This is my local test result. If I remove this dependency, it will give this module not found error.

ok. Do you get that same failure when building/testing against parsl master branch?

Yes, exactly the same error information. Shall I update this in a general PR, maybe also in the one changing runinfo_* in makefile?

I think this test is running successfully on the test server, which suggests something is different about your dev environment compared to the test server.

The vineex_local_test target should run the CCTOOLS_INSTALL dependency in Makefile, which then runs parsl/executors/taskvine/install-taskvine.sh which then installs cloudpickle.

So if this isn't working for you, perhaps have a look at why that dependency install isn't behaving properly for you. (for example, the makefile target won't re-run properly if you delete your Python environment but do not delete /tmp/cctools, because make is not a very good language for specifying accurate dependencies)

Yeah, sure, I'll remove this line.

benclifford · 2024-03-08T11:19:10Z

On Python 3.9 this goes into a super-deep tree search trying to resolve the dependencies with the new packages that you added, which usually means there is no coherent solution to which packages to install but that pip will try very hard to find one...

It works on Python 3.11 and Python 3.12, so I think it's quite likely that one of the packages you are adding as a dependency (or transitively, one of the packages that those packages depend on) isn't supported on earlier Pythons - for example, I can see that deep search happens here:

INFO: pip is looking at multiple versions of botocore to determine which version is compatible with other requirements.
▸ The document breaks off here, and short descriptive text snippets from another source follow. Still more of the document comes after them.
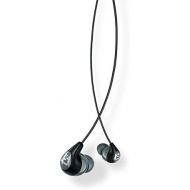 Shure SE112-GR Sound Isolating Earphones with Single Dynamic MicroDriver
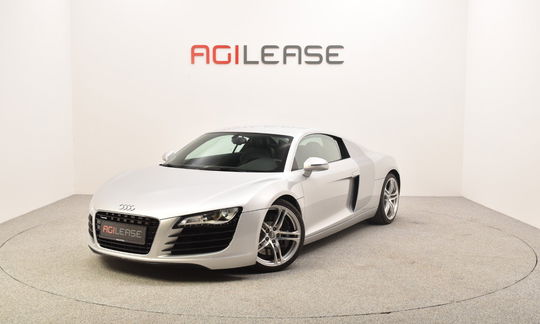 Audi R8 4,2 FSi Coupé quattro 2d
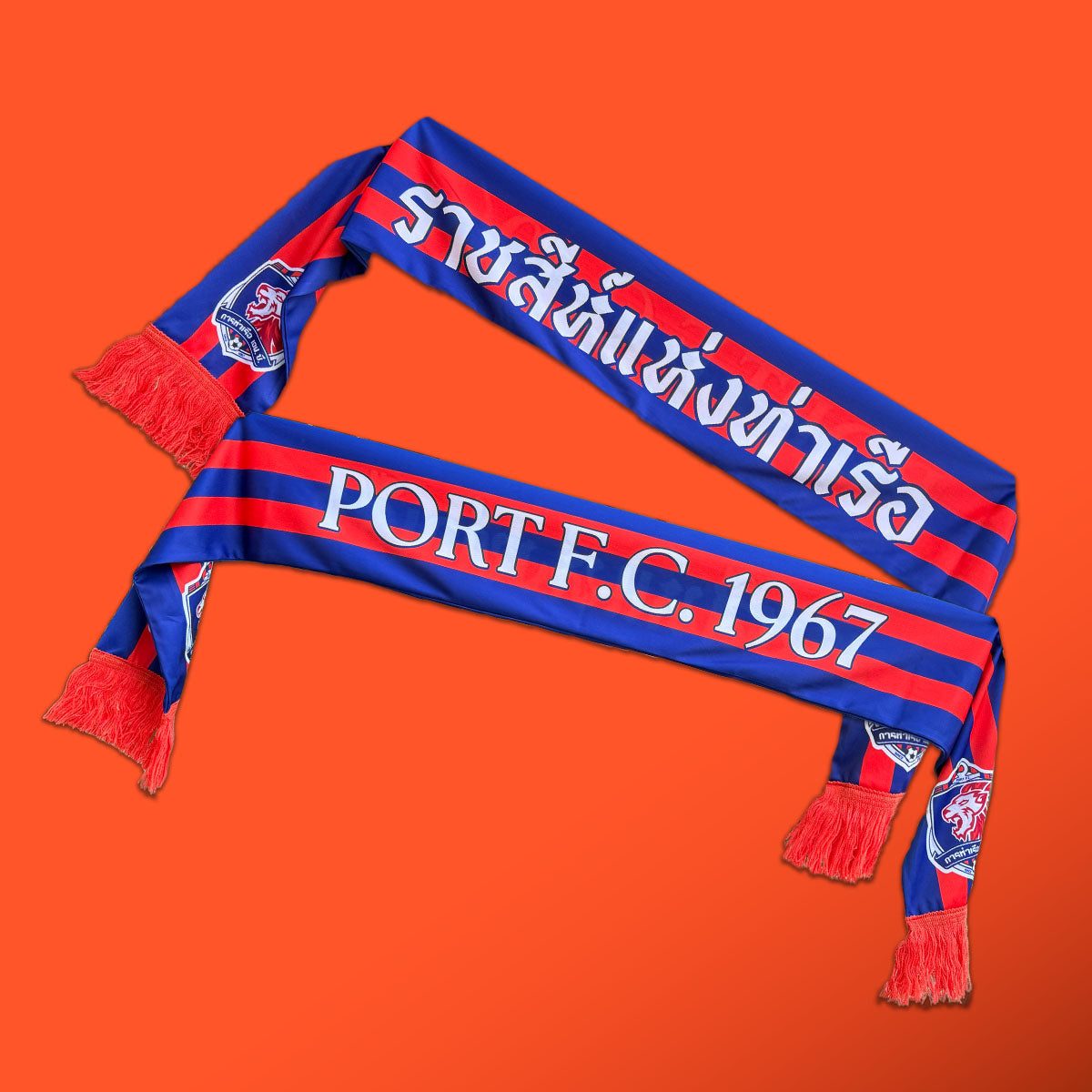 25/26 SCARF (CLASSIC STYLE)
This could take a while.
Collecting boto3>=1.26.125 (from aws-msk-iam-sasl-signer-python->diaspora-event-sdk[kafka-python]->-r test-requirements.txt (line 25))

which suggests that without your PR, we're ended up with an earlier version of boto3? (perhaps you can check which version of boto3 gets installed on Python 3.9 without your changes by looking in the build logs of a recently merged PR)

ClaudiaCumberbatch · 2024-03-08T16:06:50Z

botocore==1.29.125

If I add this line in test-requirements.txt, the make deps step can finish properly. But is it ok to do so?
I also tried to search the boto3 version in other's build log but got no result.

benclifford · 2024-03-11T14:54:09Z

Makefile

@@ -122,4 +122,4 @@ coverage: ## show the coverage report

 .PHONY: clean
 clean: ## clean up the environment by deleting the .venv, dist, eggs, mypy caches, coverage info, etc
-	rm -rf .venv $(DEPS) dist *.egg-info .mypy_cache build .pytest_cache .coverage runinfo_* $(WORKQUEUE_INSTALL)
+	rm -rf .venv $(DEPS) dist *.egg-info .mypy_cache build .pytest_cache .coverage runinfo $(WORKQUEUE_INSTALL)


i think this is a general tidyup. if so, it would be a good separate PR

You mean runinfo_* is a general tidyup? But when I test it locally, the dir created by make test is runinfo instead of runinfo_*

I mean that this change to the rm commandline is a general fix you could submit as a separate PR.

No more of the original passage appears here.